**Dataset records**
┄┄┄┄┄┄┄┄┄┄
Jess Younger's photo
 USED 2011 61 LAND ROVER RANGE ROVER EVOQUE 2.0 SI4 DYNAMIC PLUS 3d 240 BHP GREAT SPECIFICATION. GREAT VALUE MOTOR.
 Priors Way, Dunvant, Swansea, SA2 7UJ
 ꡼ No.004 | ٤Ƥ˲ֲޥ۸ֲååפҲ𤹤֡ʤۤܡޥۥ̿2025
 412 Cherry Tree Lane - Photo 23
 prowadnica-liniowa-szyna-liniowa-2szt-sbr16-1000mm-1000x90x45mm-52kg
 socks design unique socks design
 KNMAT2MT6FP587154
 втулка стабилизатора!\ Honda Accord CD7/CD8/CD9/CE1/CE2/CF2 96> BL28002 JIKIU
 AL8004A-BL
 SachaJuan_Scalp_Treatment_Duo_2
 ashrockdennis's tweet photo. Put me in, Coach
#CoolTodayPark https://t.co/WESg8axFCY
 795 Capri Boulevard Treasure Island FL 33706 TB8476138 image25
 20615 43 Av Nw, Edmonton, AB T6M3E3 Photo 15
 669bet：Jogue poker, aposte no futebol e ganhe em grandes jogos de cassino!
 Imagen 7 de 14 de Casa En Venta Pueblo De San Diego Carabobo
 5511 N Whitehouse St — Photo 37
┄┄┄┄┄┄┄┄┄┄
**The task**
Among the records above, only the lines between the line holding "412 Cherry Tree Lane - Photo 23" and the line holding "ashrockdennis's tweet photo.", inclusive, are to be output, exactly as written.

**Answer to this problem**
 412 Cherry Tree Lane - Photo 23
 prowadnica-liniowa-szyna-liniowa-2szt-sbr16-1000mm-1000x90x45mm-52kg
 socks design unique socks design
 KNMAT2MT6FP587154
 втулка стабилизатора!\ Honda Accord CD7/CD8/CD9/CE1/CE2/CF2 96> BL28002 JIKIU
 AL8004A-BL
 SachaJuan_Scalp_Treatment_Duo_2
 ashrockdennis's tweet photo. Put me in, Coach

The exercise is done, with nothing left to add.